What is needed ->
Only a slice of the listing below is wanted. Retype the lines from the one containing "Dilophosaurus cartoon illustratie" through the one containing "з прозорими рукавами", exactly, both ends included.

Data supplied ->
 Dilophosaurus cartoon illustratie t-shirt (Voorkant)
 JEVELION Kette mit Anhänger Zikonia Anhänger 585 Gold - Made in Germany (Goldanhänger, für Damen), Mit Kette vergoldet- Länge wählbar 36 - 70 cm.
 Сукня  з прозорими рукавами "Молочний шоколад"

--

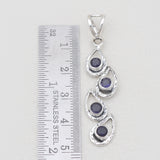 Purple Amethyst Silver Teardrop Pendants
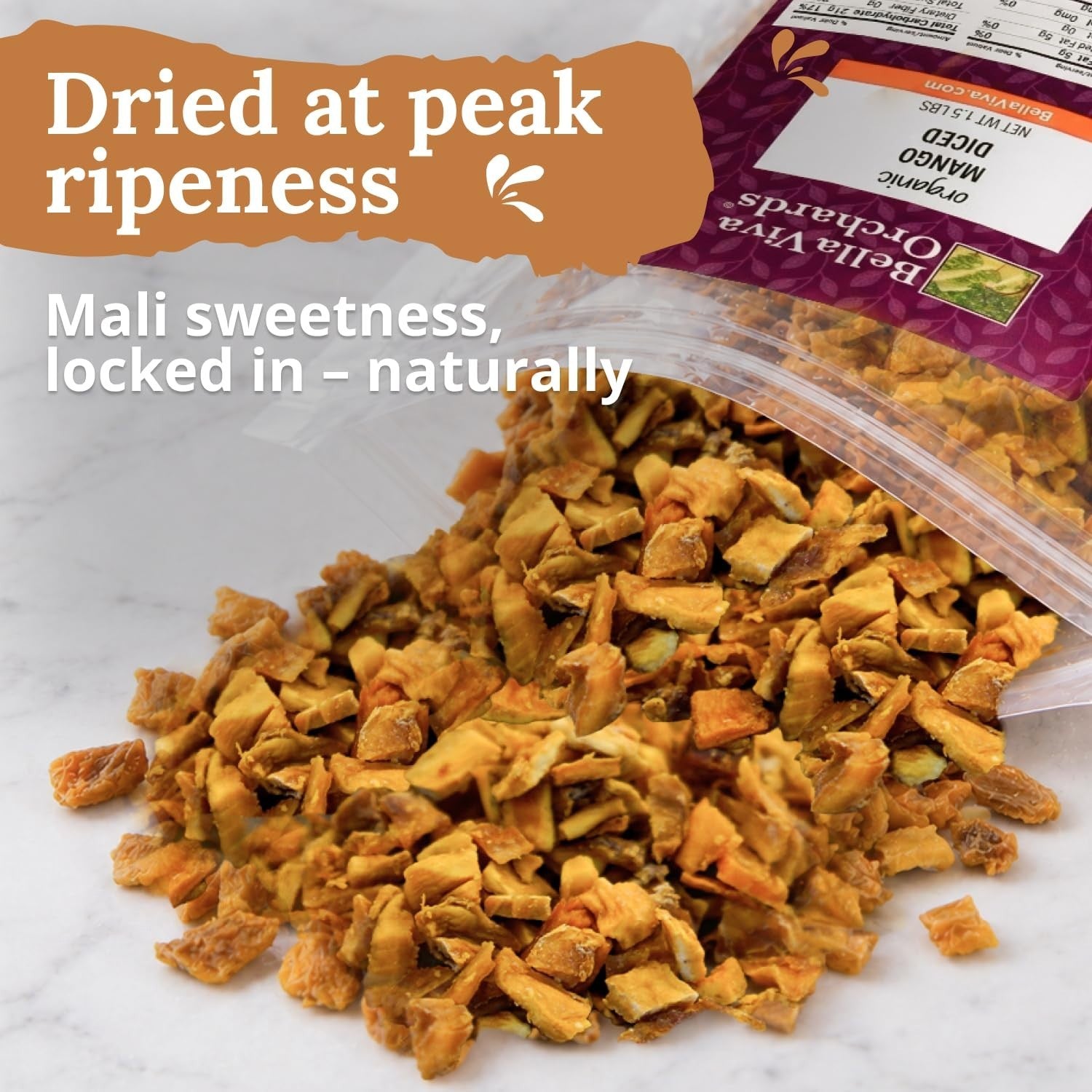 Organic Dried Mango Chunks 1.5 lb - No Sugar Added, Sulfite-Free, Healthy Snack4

* * *

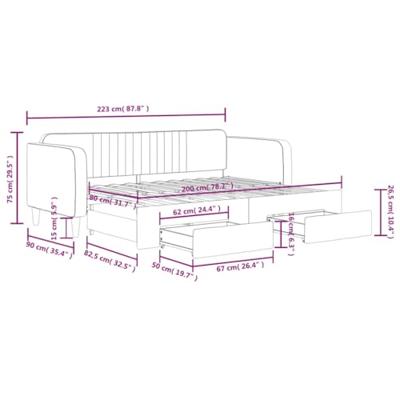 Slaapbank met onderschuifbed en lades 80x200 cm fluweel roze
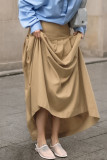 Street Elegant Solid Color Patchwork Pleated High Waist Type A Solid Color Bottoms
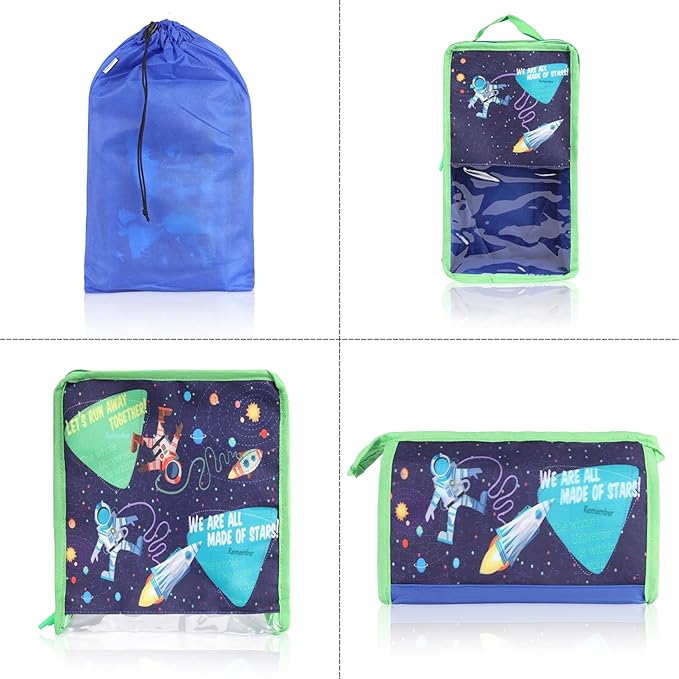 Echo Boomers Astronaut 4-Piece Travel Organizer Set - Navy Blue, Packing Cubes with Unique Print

Task answer ->
 Dilophosaurus cartoon illustratie t-shirt (Voorkant)
 JEVELION Kette mit Anhänger Zikonia Anhänger 585 Gold - Made in Germany (Goldanhänger, für Damen), Mit Kette vergoldet- Länge wählbar 36 - 70 cm.
 Сукня  з прозорими рукавами "Молочний шоколад"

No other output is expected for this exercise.